> _TASK DESCRIPTION_:
Set the images aside and retype the whole listing exactly.

> _DATA_:
+++

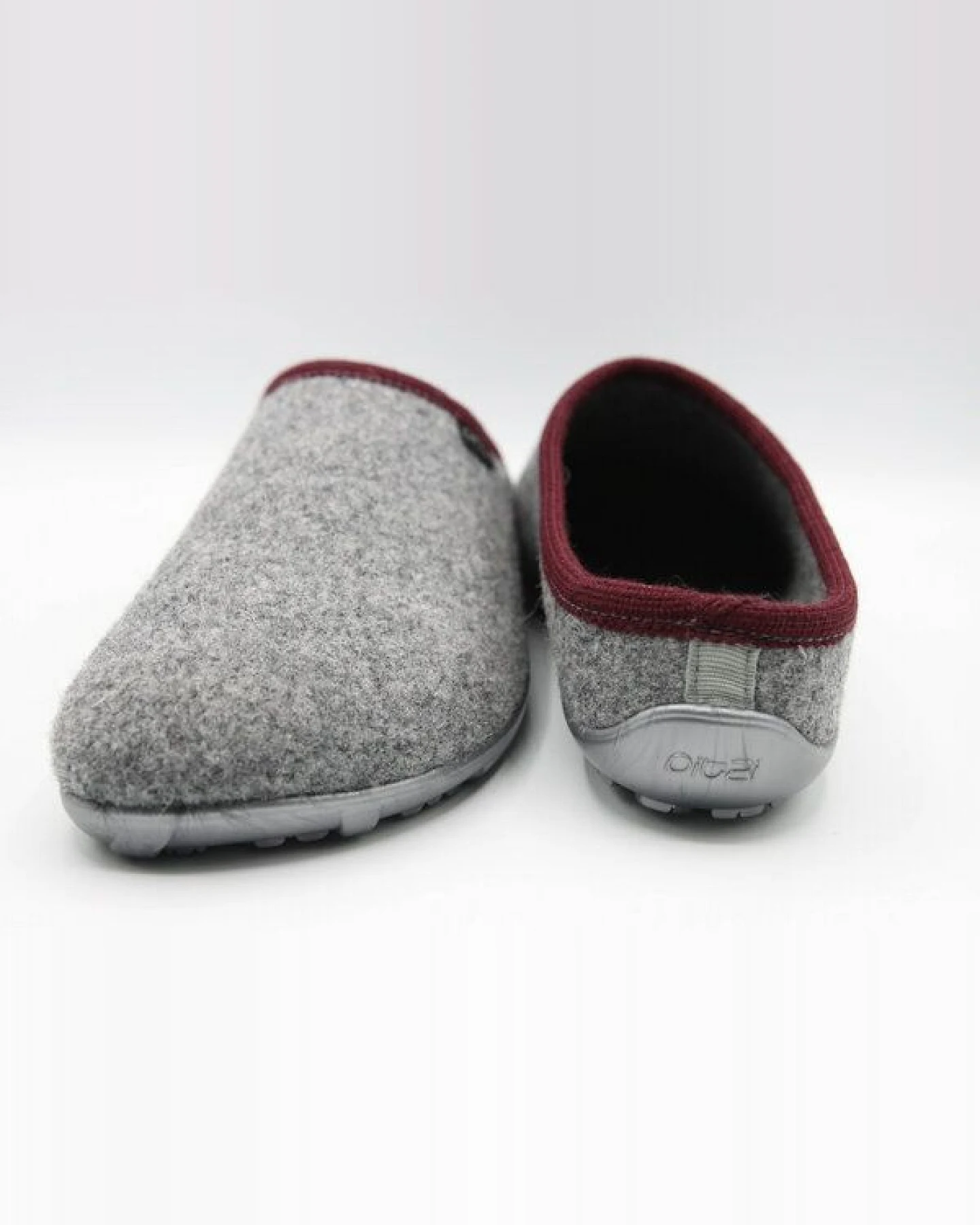 Pantoffel homey mit Barfußgefühl pifit! aus hochwertigem Wollfilz, grau-rot, 32100-5 – Ansicht 4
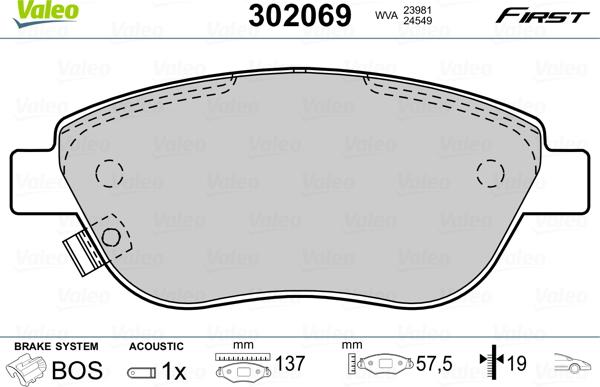 Valeo 302069 - Гальмівні колодки, дискові гальма autozip.com.ua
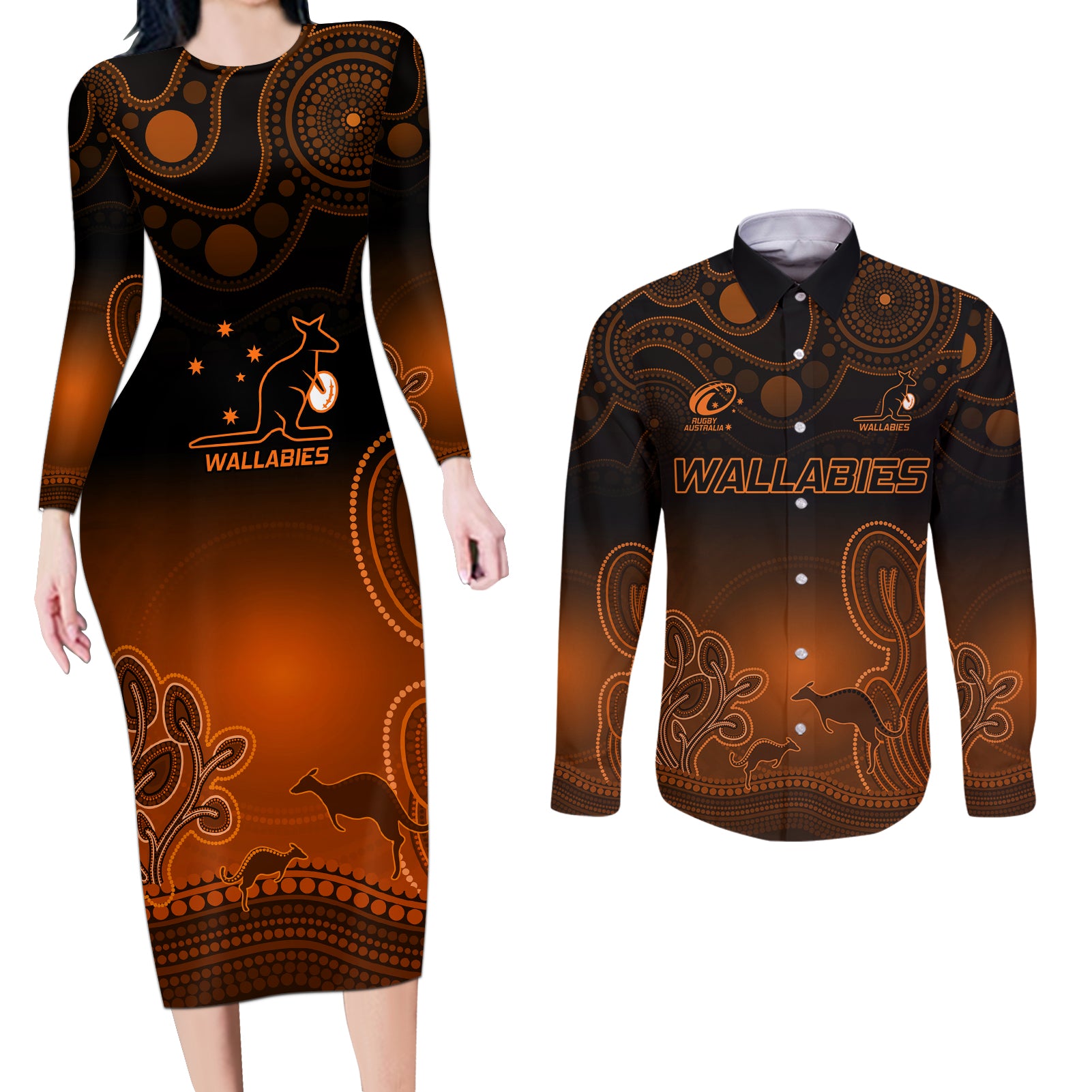custom-australia-wallabies-rugby-couples-matching-long-sleeve-bodycon-dress-and-long-sleeve-button-shirt-the-starry-night-indigenous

+++

> _SOLVED PROBLEM_:
 Pantoffel homey mit Barfußgefühl pifit! aus hochwertigem Wollfilz, grau-rot, 32100-5 – Ansicht 4
 Valeo 302069 - Гальмівні колодки, дискові гальма autozip.com.ua
custom-australia-wallabies-rugby-couples-matching-long-sleeve-bodycon-dress-and-long-sleeve-button-shirt-the-starry-night-indigenous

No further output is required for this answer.